First-Principles Constitutive Equation for Suspension Rheology

Using mode-coupling theory, we derive a constitutive equation for the nonlinear rheology of dense colloidal suspensions under arbitrary time-dependent homogeneous flow. Generalizing previous results for simple shear, this allows the full tensorial structure of the theory to be identified. Macroscopic deformation measures, such as the Cauchy-Green tensors, thereby emerge. So does a direct relation between the stress and the distorted microstructure, illuminating the interplay of slow structural relaxation and arbitrary imposed flow. We present flow curves for steady planar and uniaxial elongation and compare these to simple shear. The resulting nonlinear Trouton ratios point to a tensorially nontrivial dynamic yield condition for colloidal glasses.

Figure 1

Steady state stress $\sigma ={\sigma }_{xy}$ under shear (full lines, ${\kappa }_{ij}=\dot{\gamma }{\delta }_{xi}{\delta }_{yj}$) and stress difference $\sigma ={\sigma }_{xx}-{\sigma }_{yy}$ under planar elongation [broken lines, ${\kappa }_{ij}=\dot{\gamma }({\delta }_{xi}{\delta }_{xj}-{\delta }_{yi}{\delta }_{yj})$] as a function of ${\mathrm{Pe}}_0=\dot{\gamma }{d}^2/D_0$, where $d$ is the sphere diameter.

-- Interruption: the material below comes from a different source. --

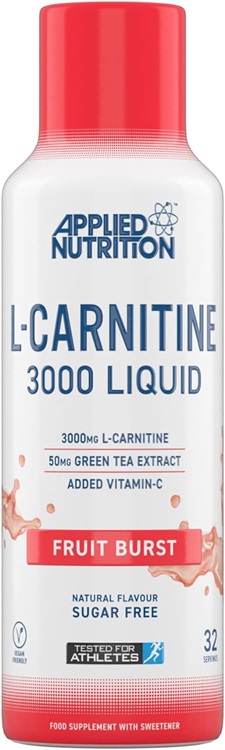 Applied Nutrition - L-Carnitine Liquid 3000, Fruit Burst - 480 ml.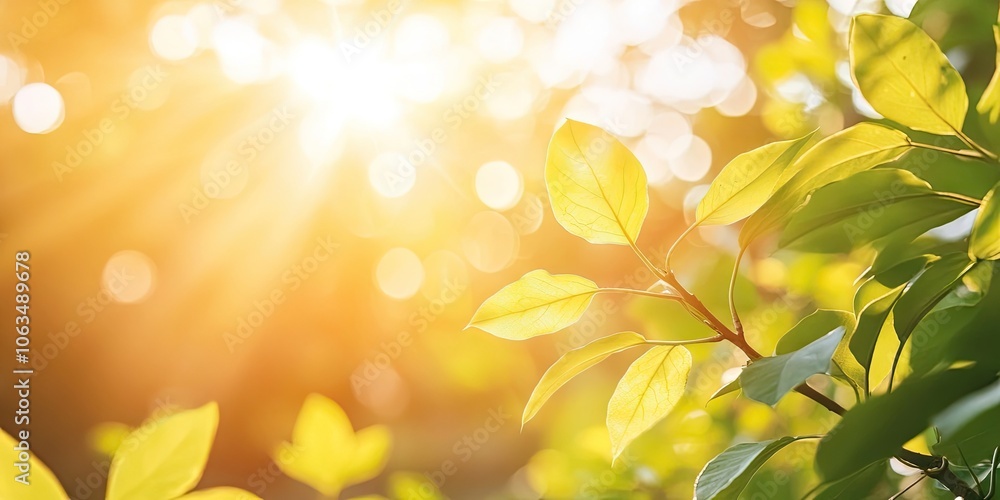 Sunlight cascades gently through the leaves, creating a soft, natural glow that illuminates the surroundings, highlighting the beauty of natures light.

Each curve is labeled according to the distance from the glass transition $\varphi -{\varphi }_c$, (a) $-{10}^{-4}$, (b) $-{10}^{-3}$, and (c) ${10}^{-4}$. The inset shows a possible realization of planar elongational flow. The lower left panel shows the Trouton ratio for such flow while the lower right panel shows the ratio for uniaxial elongation [${\kappa }_{ij}=\dot{\gamma }({\delta }_{xi}{\delta }_{xj}-{\delta }_{yi}{\delta }_{yj}/2-{\delta }_{zi}{\delta }_{zj}/2)$].